◆ **Requirement**
Count how many lines below include the string "toque", and give that number without anything else.

◆ **Excerpted data**
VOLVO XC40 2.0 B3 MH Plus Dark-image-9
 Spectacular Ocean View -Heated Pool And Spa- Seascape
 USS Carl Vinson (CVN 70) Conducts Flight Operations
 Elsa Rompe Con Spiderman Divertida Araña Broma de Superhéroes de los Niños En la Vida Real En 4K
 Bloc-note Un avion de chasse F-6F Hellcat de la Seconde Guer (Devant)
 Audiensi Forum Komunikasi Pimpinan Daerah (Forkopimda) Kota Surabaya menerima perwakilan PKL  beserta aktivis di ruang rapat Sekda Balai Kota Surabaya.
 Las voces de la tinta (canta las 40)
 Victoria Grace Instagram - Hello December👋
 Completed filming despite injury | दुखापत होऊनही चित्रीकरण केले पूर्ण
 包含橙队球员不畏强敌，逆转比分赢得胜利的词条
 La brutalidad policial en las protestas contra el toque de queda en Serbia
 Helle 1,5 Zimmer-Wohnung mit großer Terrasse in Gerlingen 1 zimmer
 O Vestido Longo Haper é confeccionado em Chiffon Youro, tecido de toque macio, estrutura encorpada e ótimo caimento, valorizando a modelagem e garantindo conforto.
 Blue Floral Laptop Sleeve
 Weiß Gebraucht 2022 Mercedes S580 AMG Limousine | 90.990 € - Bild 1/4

◆ **Result**
2